In a Parliamentary vote this week, MEPs in the committee for economic and budgetary affairs refused to rule out that taxpayers’ money will be used to fund projects aimed at expanding the production and use of fossil gas across Europe.

The MEPs voted on the Recovery and Resilience Fund, which is the largest financial mechanism in the EU’s €750 billion recovery fund. It allows the EU to gather additional funds in its next budget that will include a 40% climate and biodiversity spending target, as agreed by the Parliament and member states also this week.

The move drew criticism from green groups, that criticised MEPs for defying a previous vote in the Parliament’s environment committee explicitly calling for fossil gas subsidies to be excluded from the fund.

Barbara Mariani, a senior policy expert at the European Environmental Bureau (EEB), said that “it’s time to stop funding new projects that directly undermine the green objectives detailed in the Recovery Fund and in the European Green Deal.”

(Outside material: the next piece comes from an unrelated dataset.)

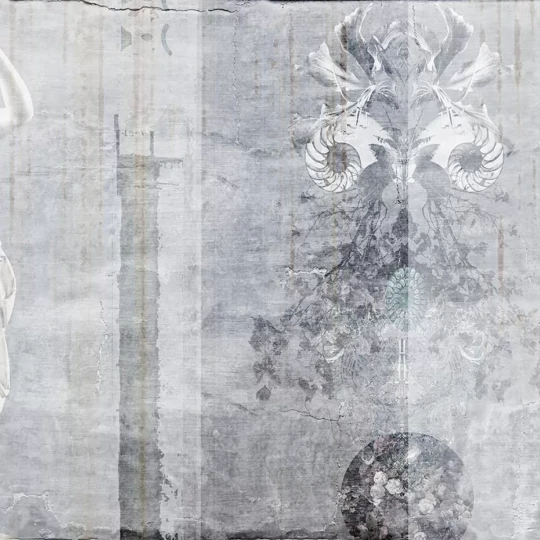 Tecnografica 67724-1 Collaborations The Sisters Aura - mural w antyczną rzeźbę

See open letter from civil society

Similarly, Silvia Pastorelli of Greenpeace EU lamented that “MEPs have blown their chance to secure a green recovery that rules out fossil fuels, and have handed the pen to gas lobbyists to write the rules.”

The vote was seen as a compromise amongst all political groups and was pushed through by conservative and liberal parties, which have made no secret of their support for fossil fuel industries despite calls for climate action.

Green MEPs reportedly accepted the deal after securing the inclusion of green spending criteria to be further defined in the upcoming taxonomy – a tool that will guide upcoming green investments in the EU.

Progressive lawmakers hope to set strict criteria for investments in new gas projects. However, NGOs fear the worst as the taxonomy has also recently been targeted by fossil gas lobbyists, and many MEPs have already echoed their demands.

Accepting this week’s vote as its final position, the Parliament now has a mandate to start the negotiating the details of the Recovery and Resilience Fund with national governments and the Commission in what are known as trialogues. The first trialogue is expected to take place before the end of the month.

Put your money where your mouth is

The news comes as NGOs are increasingly concerned about the European Parliament’s position on green spending. From a recent decision to channel hundreds of billions to intensive and climate wrecking farming, to this week’s vote leaving the door open to new gas projects, the credibility of European Green Deal is at stake.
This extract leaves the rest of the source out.